First, a quick note on language choice. Android development has been moving toward Kotlin as its preferred language. Our other Android guides are written with that in mind, but we’re going to switch gears for this one. Amazon provides a Java SDK for Alexa development, so in order to ease friction between the two ecosystems, we’ll port the skill to Java instead of Kotlin. The example code here shouldn’t be too complex to translate into Kotlin if you’re familiar with it.

With that pretext out of the way, let’s get to coding. Our first job will be to establish the mobile-specific stuff you don’t have to do when setting up an Alexa skill.

App Scaffolding

On Android, the Activity is one of the fundamental building blocks of an app. Roughly speaking, an Activity is the code for a single scene’s behavior (minus a description of the visual layout, which is done elsewhere). If you’re using Android Studio — and you probably should be for this — you’ll want to open a new project and use the “Empty Activity” template. This will create all the boilerplate we’ll need, along with a MainActivity we’ll be referring to throughout the rest of this guide. When you’re setting up a new project, Android Studio also asks for a minimum SDK. We chose 21 for this guide.
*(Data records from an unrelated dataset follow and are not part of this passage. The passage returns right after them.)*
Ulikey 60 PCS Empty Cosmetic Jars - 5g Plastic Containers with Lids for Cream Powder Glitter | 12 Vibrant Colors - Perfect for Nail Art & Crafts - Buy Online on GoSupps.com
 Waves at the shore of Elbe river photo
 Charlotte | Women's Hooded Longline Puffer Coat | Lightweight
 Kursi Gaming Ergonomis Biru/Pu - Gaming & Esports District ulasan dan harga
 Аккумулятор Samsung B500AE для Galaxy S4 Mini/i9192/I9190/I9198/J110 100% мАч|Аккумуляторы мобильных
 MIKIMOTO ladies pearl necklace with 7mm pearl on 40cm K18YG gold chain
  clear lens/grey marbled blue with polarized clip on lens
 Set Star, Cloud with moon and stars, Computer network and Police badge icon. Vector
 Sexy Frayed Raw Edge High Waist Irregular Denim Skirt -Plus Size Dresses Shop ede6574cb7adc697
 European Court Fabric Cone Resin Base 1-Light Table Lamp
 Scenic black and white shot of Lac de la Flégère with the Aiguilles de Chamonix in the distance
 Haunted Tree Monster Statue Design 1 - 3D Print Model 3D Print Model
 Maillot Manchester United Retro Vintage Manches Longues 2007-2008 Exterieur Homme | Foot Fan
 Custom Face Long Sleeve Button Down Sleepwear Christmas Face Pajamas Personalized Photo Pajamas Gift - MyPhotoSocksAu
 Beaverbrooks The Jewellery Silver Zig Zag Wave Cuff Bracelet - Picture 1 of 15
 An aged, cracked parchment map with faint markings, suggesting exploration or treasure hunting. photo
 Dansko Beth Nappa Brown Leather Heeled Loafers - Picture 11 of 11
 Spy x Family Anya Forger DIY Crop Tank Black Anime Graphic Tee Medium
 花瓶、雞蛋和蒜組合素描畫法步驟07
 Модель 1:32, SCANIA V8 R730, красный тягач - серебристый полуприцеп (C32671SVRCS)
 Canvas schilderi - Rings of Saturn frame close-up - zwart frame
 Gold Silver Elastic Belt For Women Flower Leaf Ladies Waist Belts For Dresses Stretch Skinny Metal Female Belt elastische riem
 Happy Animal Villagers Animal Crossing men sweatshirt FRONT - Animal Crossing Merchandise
To avoid cluttering this guide too much, we’ll omit the full build.gradle files and the detailed code for requesting microphone permissions in MainActivity. See the example files for copy/paste-able examples. Here are the important things you’re looking for in app/build.gradle:

  1. The native-dependencies plugin application and the block associated with it that retrieves Spokestack’s native library (at the top of the file)
  2. The ndkVersion line in the android block. See here for information on installing the NDK, and make sure your version number in build.gradle matches the one you install.
  3. The compileOptions block, also under android. These options allow some of our dependencies to build properly.
  4. The Spokestack library dependency and others associated with it (at the bottom of the file)

And in the build.gradle in your root directory:

  1. A classpath dependency that retrieves the native-dependencies plugin

OK, time to dive into MainActivity and set up Spokestack to handle user speech.

Can you hear me now?

In order to turn your phone into a (better) smart speaker, you need to take control of the microphone and process user input from it. That’s why we requested the permissions in the previous section. The Spokestack component used to actually do something with that data is called SpeechPipeline. It handles collecting audio from the user and turning it into text (automatic speech recognition, or ASR), and there are other components for extracting meaning from that text and for generating audio in response to the user. These exist separately in the Spokestack library so that an app can pick and choose which ones it needs. We need them all for this app, so let’s make a class to contain and control them all. Let’s call it … I don’t know … Spokestack.

Since we’re building all three components there, this is another file we won’t discuss in its entirety; you can find the full version in the demo project. For the purpose of this guide, we’re just going to pretend it exists and talk about how to interact with it in MainActivity.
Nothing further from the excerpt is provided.